• [Required action] Line for line, return the data exactly, omitting all pictures.

Saved data entries:
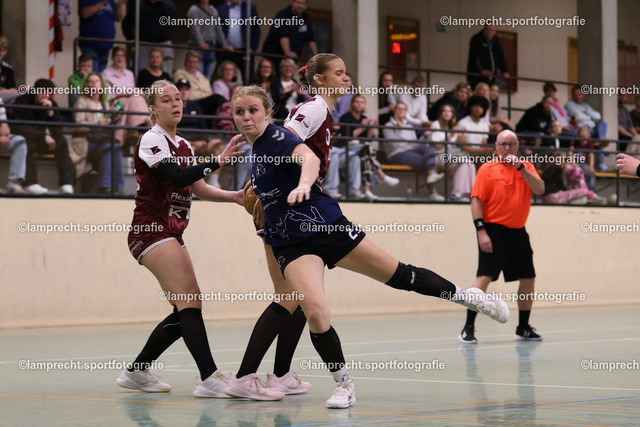 Handball I Juniorinnen I Saison 2026-2027 I Oberliga Schleswig-Holstein I 3. Spieltag I HSG Kalkberg 06 - TSV Bargteheide 202 | Frida Kaack (2, HSG Kalkberg 06) - Realisiert mit Pictrs.com
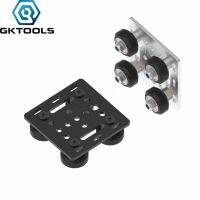 1 Set Openbuilds V-Slot Gantry Plate Kit Special Slide Pulley for 2020 /2040 V-slot Aluminum Profiles Wheels 3D Printer Parts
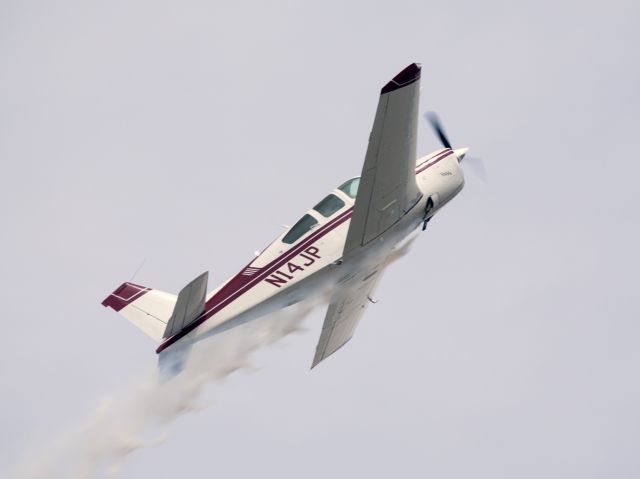 Beechcraft Bonanza (33) (N14JP) - Oshkosh 2013!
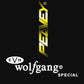 Peavey Wolfgang & Wolfgang Special Headstock Decal Logo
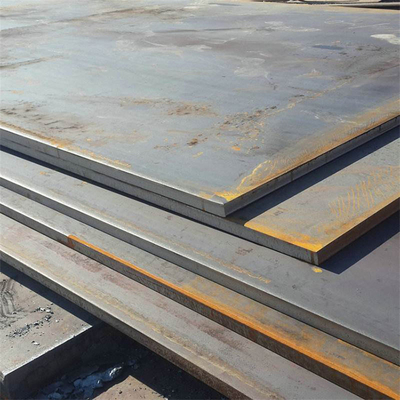 Folha de aço de carbono laminada a quente ASTM A36 / Folha de aço para instrumentos de medição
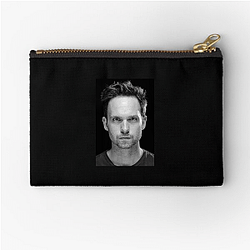Screen Heartthrob Patrick J Adams Zipper Pouches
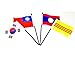 Southeast Asia Flag Set 20 Polyester 4x6 Inch Flags One Flag for Each Country in Southeast Asia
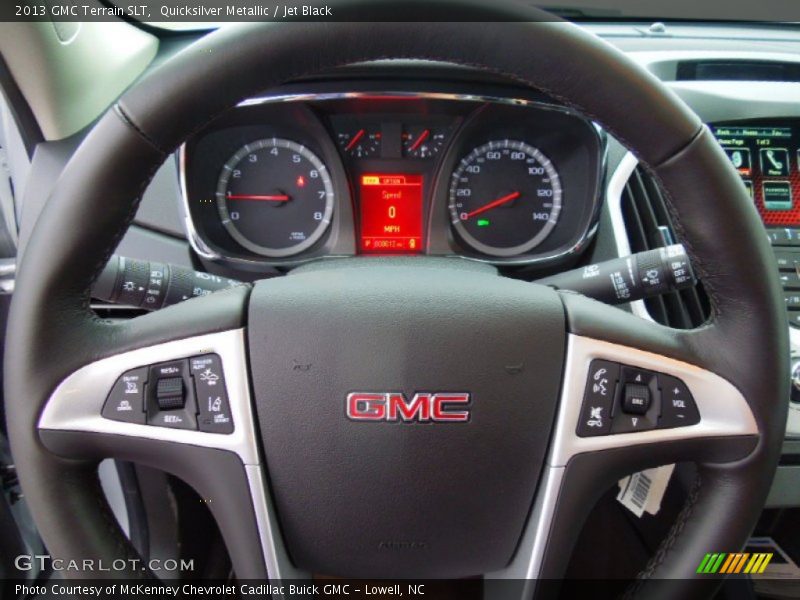  2013 Terrain SLT Steering Wheel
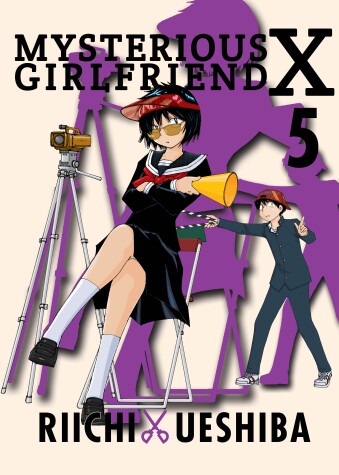 Cover of Mysterious Girlfriend X Volume 5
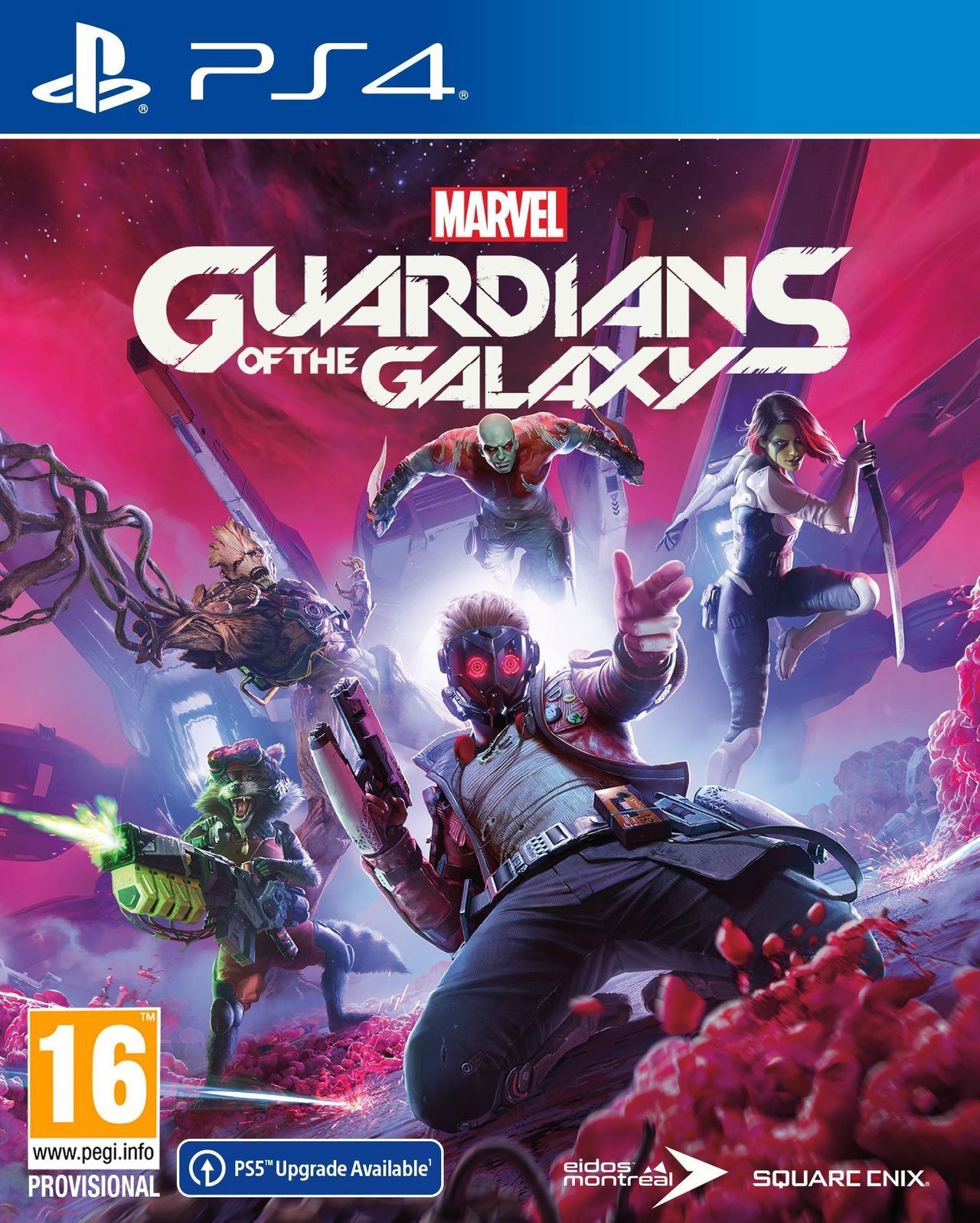 Marvel’s Guardians of the Galaxy PS4 & PS5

• [Answer to this exercise]
 Handball I Juniorinnen I Saison 2026-2027 I Oberliga Schleswig-Holstein I 3. Spieltag I HSG Kalkberg 06 - TSV Bargteheide 202 | Frida Kaack (2, HSG Kalkberg 06) - Realisiert mit Pictrs.com
 1 Set Openbuilds V-Slot Gantry Plate Kit Special Slide Pulley for 2020 /2040 V-slot Aluminum Profiles Wheels 3D Printer Parts
 Beechcraft Bonanza (33) (N14JP) - Oshkosh 2013!
 Peavey Wolfgang & Wolfgang Special Headstock Decal Logo
 Folha de aço de carbono laminada a quente ASTM A36 / Folha de aço para instrumentos de medição
Screen Heartthrob Patrick J Adams Zipper Pouches
 Southeast Asia Flag Set 20 Polyester 4x6 Inch Flags One Flag for Each Country in Southeast Asia
  2013 Terrain SLT Steering Wheel
 Cover of Mysterious Girlfriend X Volume 5
 Marvel’s Guardians of the Galaxy PS4 & PS5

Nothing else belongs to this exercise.